I can imagine placing myself in that crowd of horrified, screaming victims of gun violence. I can imagine placing my family and my children there too. I can imagine the hit and the hurt and splattering blood when a bunch of ultra-modern, powerful, lethal bullets pierced through my heart and blanketed my world with one final darkness. In the final moments, I can imagine I was praying to God that my wife and children be left safe. I was only wanting that they be left alone.
In those final moments before my deaths, I imagine I was praying to God that this be the last gun barbarism, ever.
President Obama, contrary to some of his predecessors, always says something that somehow resonates and stays back with you. In fact, he said this today (and so, yes, a very powerful man that he is, his thoughts were not much different from those of me, a very powerless man):
Upon learning the Colorado gun violence news, the president said he thought of his own two daughters.
“My daughters go to the movies. What if Malia and Sasha had been at the theater, as so many of our kids do every day? Michelle and I will be fortunate enough to hug our girls a little tighter tonight, and I’m sure you will do the same with your children,” he said. “But for those parents who may not be so lucky, we have to embrace them and let them know we will be there for them as a nation.”

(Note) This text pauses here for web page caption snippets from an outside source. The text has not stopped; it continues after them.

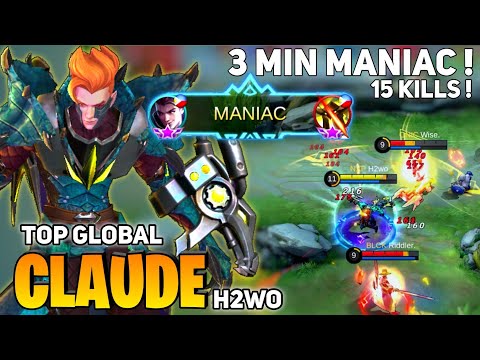MANIAC! in 3 Minute, Claude Fast Rotation [Former Top 1 Global Claude] By H2wo - Mobile legends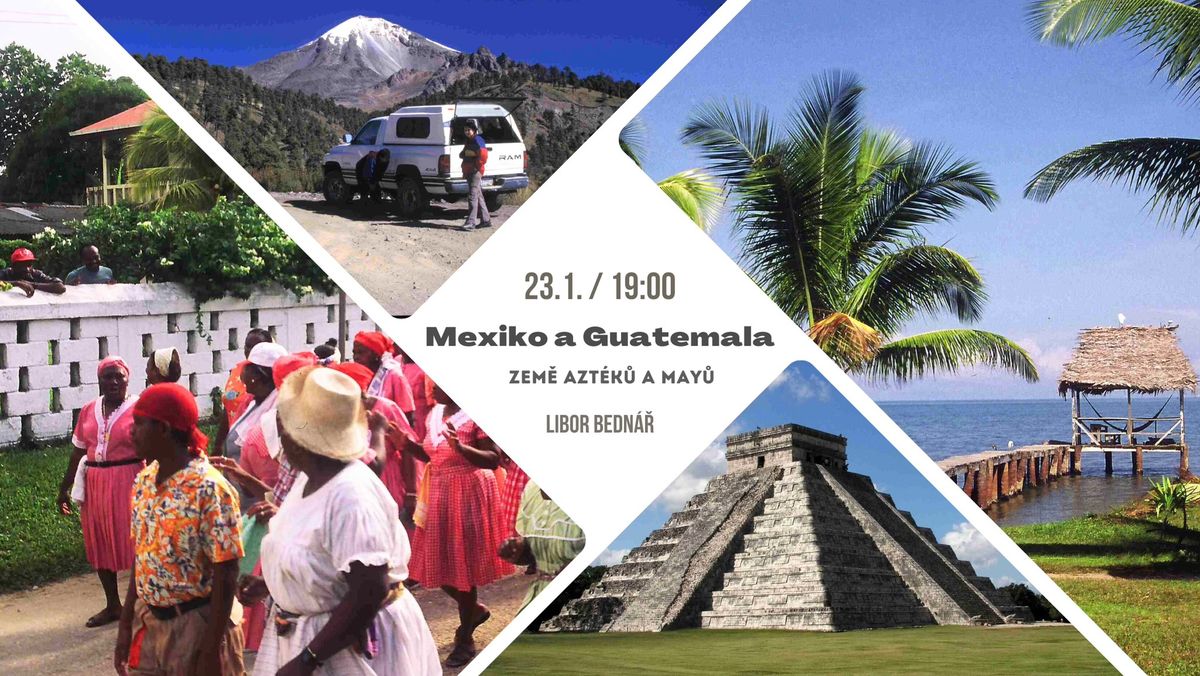 Mexiko a Guatemala \u2013 zem\u011b Azt\u00e9k\u016f a May\u016f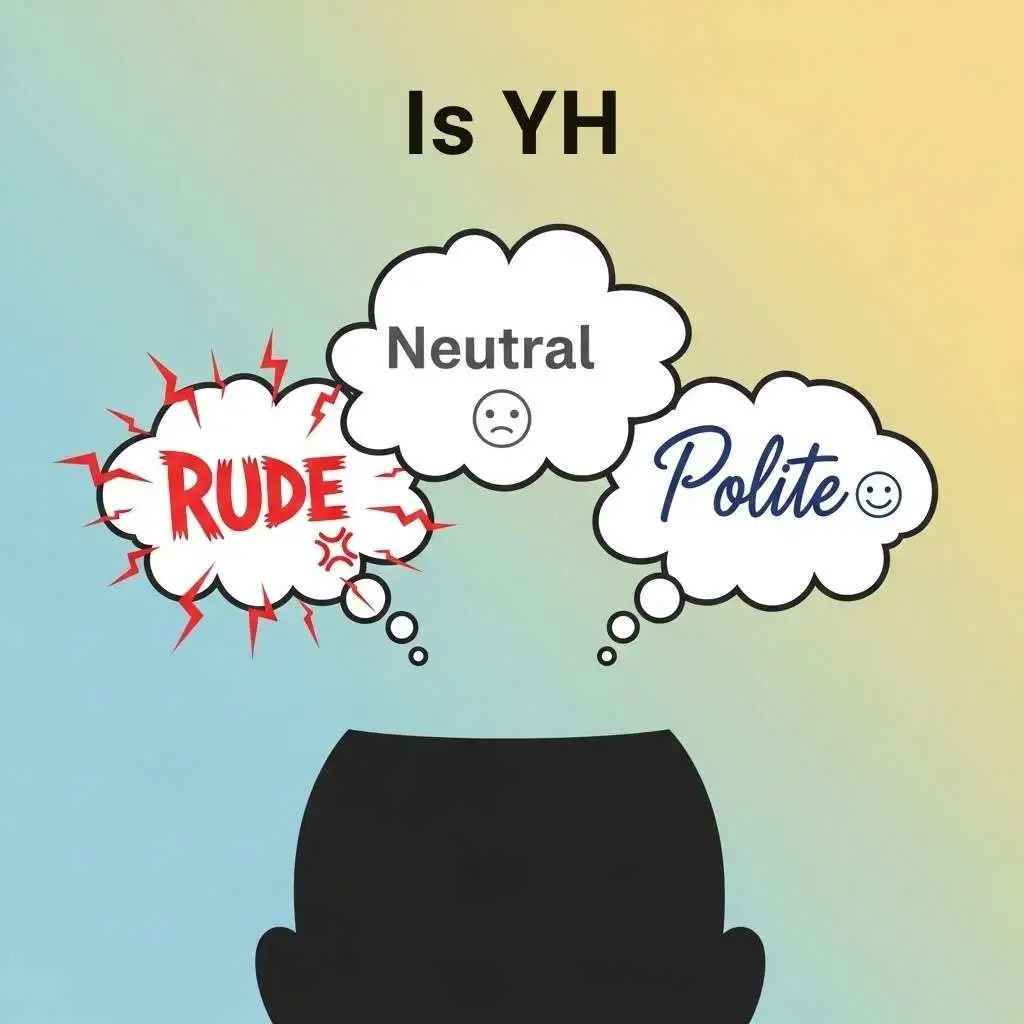 Is YH Rude, Polite or Neutral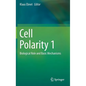 Cell Polarity 1: Biological Role and Basic Mechanisms - Hardcover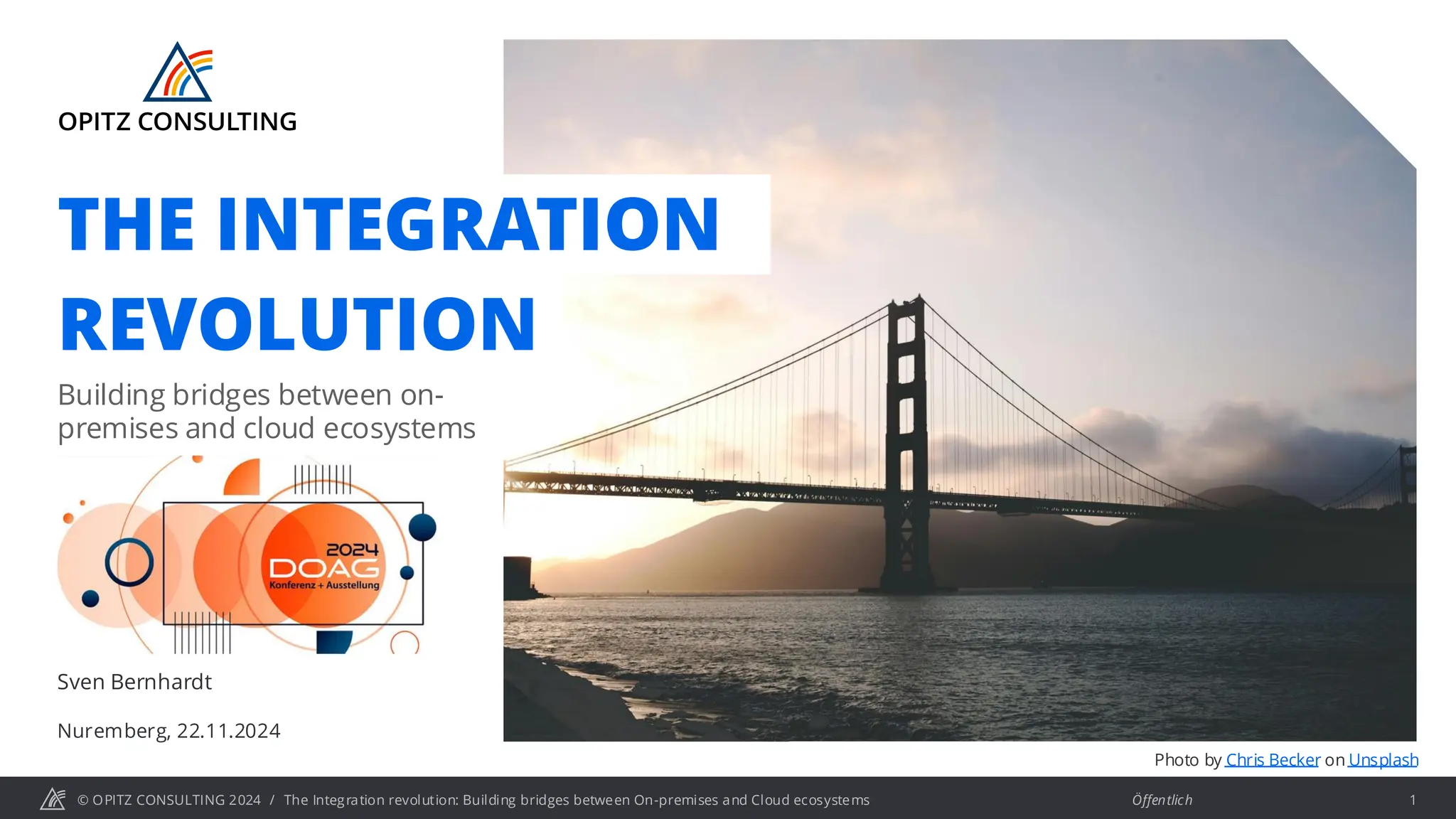 © OPITZ CONSULTING 2024 / Öffentlich
The Integration revolution: Building bridges between On-premises and Cloud ecosystems 1
Building bridges between on-
premises and cloud ecosystems
Nuremberg, 22.11.2024
Sven Bernhardt
THE INTEGRATION
REVOLUTION
Photo by Chris Becker on Unsplash
 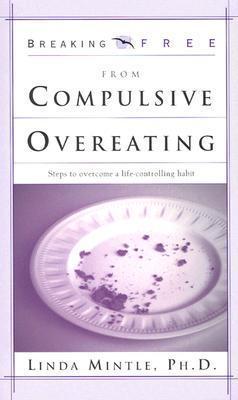 Breaking Free From Compulsive Overeating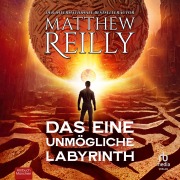 Cover-Bild zum Titel 'Das eine unmögliche Labyrinth' von 'Matthew Reilly'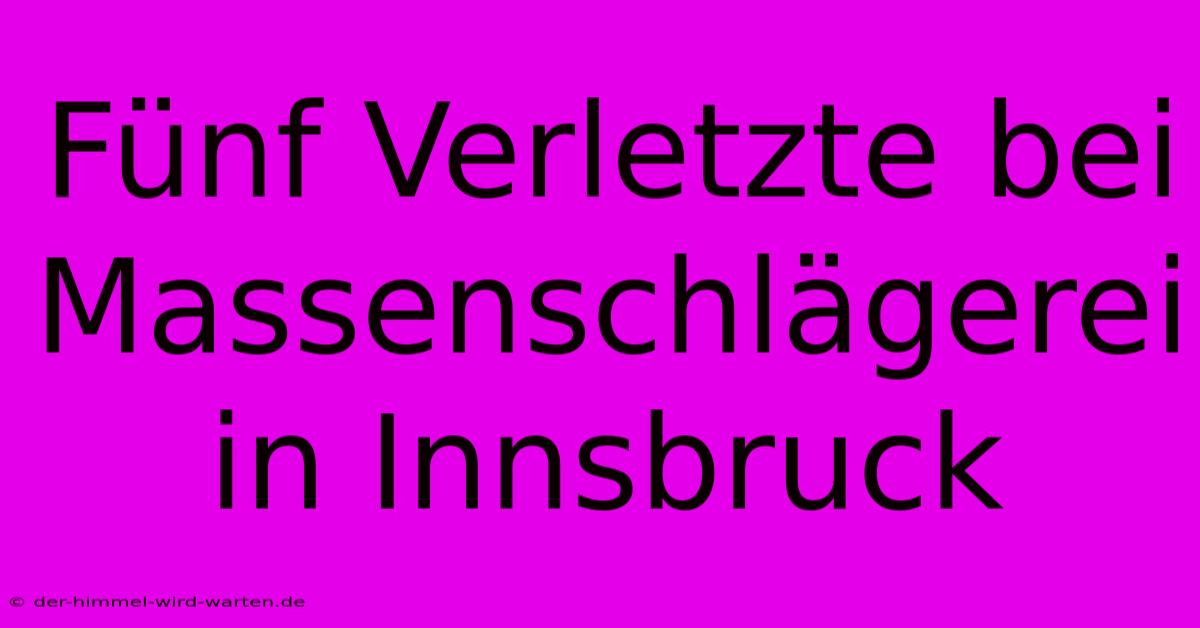 Fünf Verletzte Bei Massenschlägerei In Innsbruck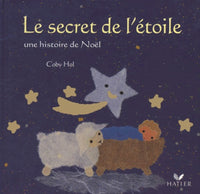 Le secret de l'étoile, une histoire de Noël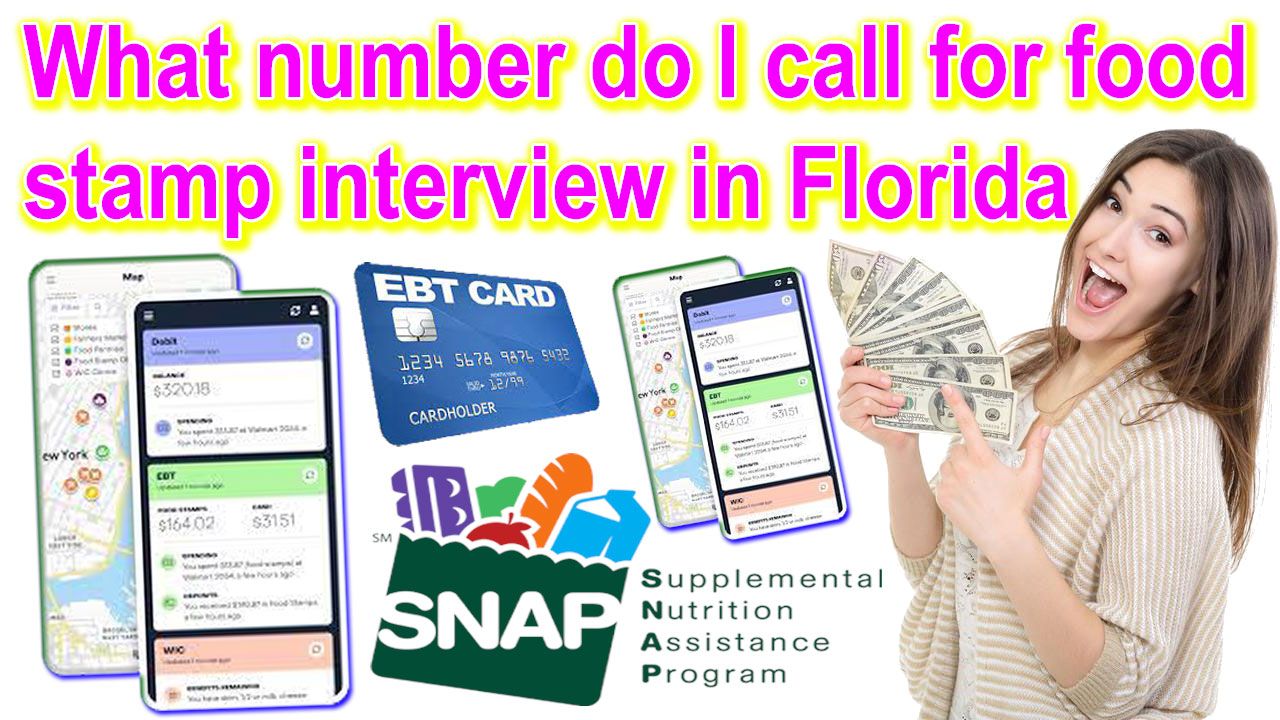 What number do I call for food stamp interview in Florida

[Mr. President, I would include some little facts here — facts of lives of very powerful people and their families — like the presence of secret service and combing operations and VIP security and bomb-sniffing dogs and all other such paraphernalia, but I won’t. Because I want to give you the benefit of the doubt. I want to believe you’re being honest about your wife and daughters.]
Congratulations again, President Obama. That’s exactly the type of words that won the hearts of millions of poor and powerless people like me four years ago, around this time. I am not sure what’s going to happen this November; however, if somebody asked me to vote for your calm, poise and eloquence today, you got my vote, Mr. President, one more time.
But I would positively vote for you if you thought about not just Sasha, Malia and Michelle and my children here in America, but the millions of children who’re losing their parents and siblings and uncles and aunts and nephews and nieces every single day — because of bullets shooting out of mighty guns and tanks and bombs dropping out of the wide-open holes of those drones.
I would definitely vote for you today if you stopped that violence once and for all. Those children are hurting too. They’re hurting and bleeding and crying and writhing in pain. I can imagine that as well.
With your very sharp mind, critical thinking and eloquence — totally unlike your predecessors — couldn’t you imagine that, Mr. President?
Don’t get me wrong. I am not ever going to take away the grim, dark reality in Colorado today. I am praying for the victims and their families and loved ones. I am shaking in fear. I am not being able to sleep tonight: just the same way I could not sleep when Columbine, Northern Illinois, Virginia Tech happened. I could not sleep when Trayvon Martin was killed this February. I am bleeding deep inside. I am imagining over and over, again and again, myself and my family and children in the middle of that barrage of bullets in that movie theater today.
But President Obama, you have not done anything to stop this gun barbarism here in America, either! In fact, you refused to do anything about it.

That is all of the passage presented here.